Add troubleshooting of guest cluster LB IP is not reachable #909

w13915984028 · 2025-10-28T15:42:43Z

Problem:

LB on guest cluster is not working as expected sometimes.

Solution:

Update the related root cause and workaround to document.

Related Issue(s):

harvester/harvester#8072

Test plan:

Additional documentation or context

After the review on main is done, I will copy them to v1.5, v1.6 branches, to save time of reviewing and updating, thanks.

Signed-off-by: Jian Wang <[email protected]>

github-actions · 2025-10-28T16:24:07Z

Name	Link
🔨 Latest commit	`c28b38c`
😎 Deploy Preview	https://6900edf345c8fa1134eb1777--harvester-preview.netlify.app

ihcsim

Content LGTM.

ihcsim · 2025-10-28T17:22:03Z

docs/rancher/cloud-provider.md

-Modifying the `IPAM` mode isn't allowed. You must create a new service if you intend to change the `IPAM` mode.
+- Modifying the `IPAM` mode isn't allowed. You must create a new service if you intend to change the `IPAM` mode.
+
+- Refer to [Guest Cluster Loadbalancer IP is not reachable](../troubleshooting/rancher.md#guest-cluster-loadbalancer-ip-is-not-reachable).

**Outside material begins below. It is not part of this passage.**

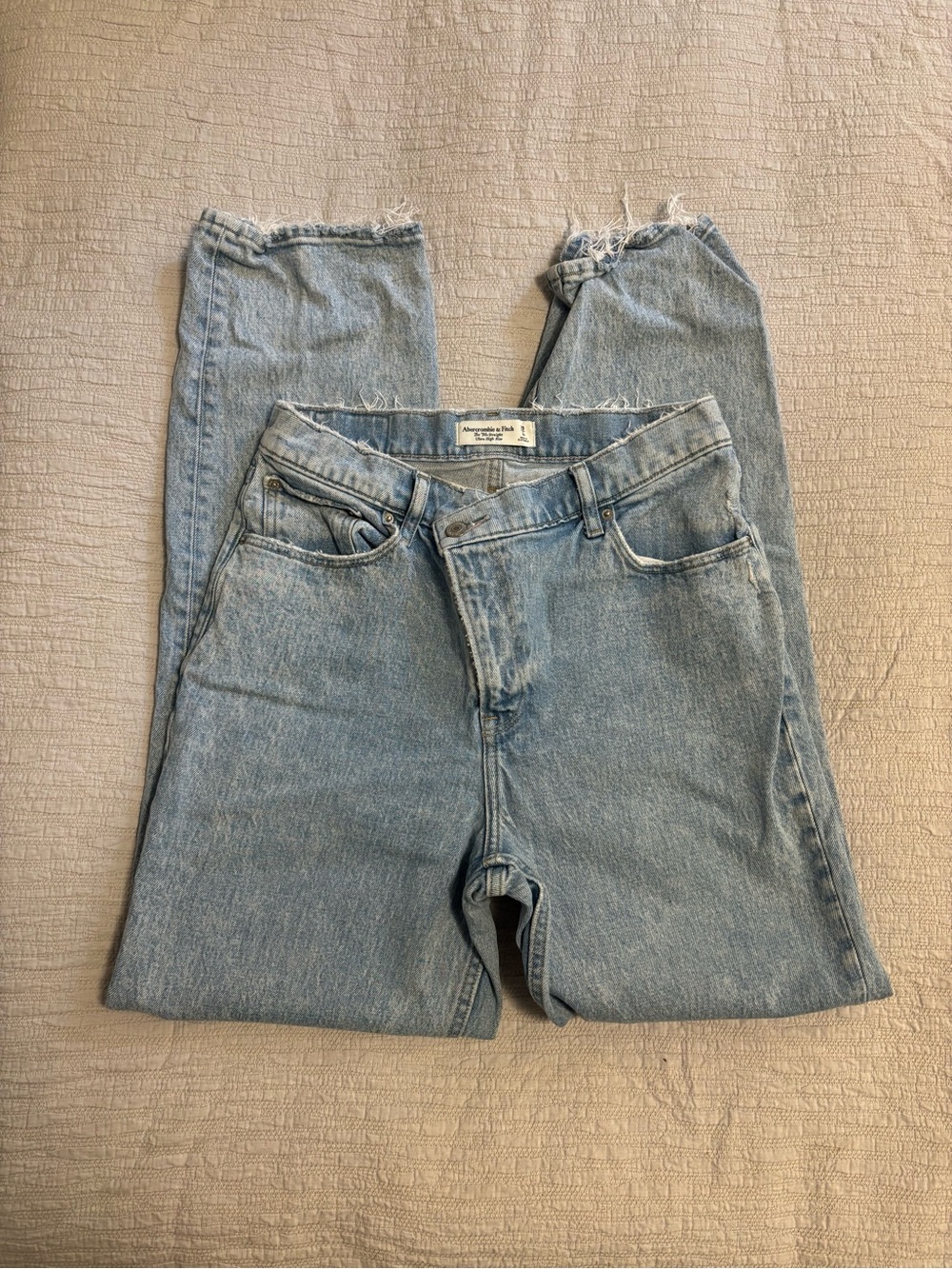 Abercrombie & Fitch the ‘90s Straight Ultra High Rise Jeans with crossover, S29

Can we state which version is affected by this? AIUI, it's cloud provider 107.0.1+up0.2.10 on Rancher 2.12 where kube-vip < v0.9.1, right?

As far as I know this has been seen definitely on:

harvester-cloud-provider:0.2.1000

harvester-cloud-provider:0.2.1100

x-ref:

[BUG] RKE2 Pool & DHCP Guest Cluster LBs Not Working on Harvester v1.6-b192e41f-head + Rancher v2.12.2-alpha4 harvester#9183 (comment)

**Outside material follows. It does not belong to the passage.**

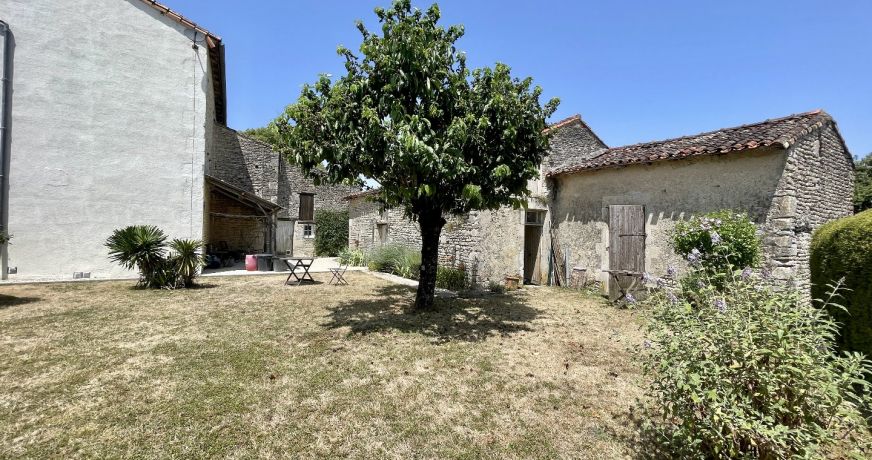 vente Maison de village Loubille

It may... "may"... have also briefly presented itself on an older maybe 0.2.900 version... but I can't find breadcrumbs at the moment that would lead me to a definitive "yes" on that...

The bug from calico is causing the issue, I will check calico code to mention the affected guest cluster versions like RKE2 v1.33.5 +rke2r1.

martindekov

I don't have much context so no intuition on what is what I think reviewing with that lens is helpful If I don't know what is going on and try to fix it. Added comments mainly around gray areas where I was asking myself - where should we run the command? where would this pop up to edit it? in places where it wasn't clear to me.

Overall LGTM though, thanks for the work Jian! Will do a follow up once you respond.

martindekov · 2025-10-29T09:01:33Z

docs/troubleshooting/rancher.md

+
+### Root Cause
+
+In below example, the guest cluster node(Harvester VM)'s IP is `10.115.1.46`, and later a new Loadbalancer IP `10.115.6.200` is added to a new interface like `vip-fd8c28ce (@enp1s0)`. However, the Loadbalancer IP is taken over by the `calio` controller. It caused the Loadbalancer IP is not reachable.


At the end of it, the command below where we run ip -d link show dev vxlan.calico can we explain in last sentence from what context the command should be executed? Harvester VM IP is 10.115.1.46 do you get a shell session inside before running the ip? Load balancer IP is unreachable so I'd suggest elaborating:

Suggested change

In below example, the guest cluster node(Harvester VM)'s IP is `10.115.1.46`, and later a new Loadbalancer IP `10.115.6.200` is added to a new interface like `vip-fd8c28ce (@enp1s0)`. However, the Loadbalancer IP is taken over by the `calio` controller. It caused the Loadbalancer IP is not reachable.

In below example, the guest cluster node(Harvester VM)'s IP is `10.115.1.46`, and later a new Loadbalancer IP `10.115.6.200` is added to a new interface like `vip-fd8c28ce (@enp1s0)`. However, the Loadbalancer IP is taken over by the `calio` controller. It caused the Loadbalancer IP is not reachable. Through a shell session using the original IP run the following.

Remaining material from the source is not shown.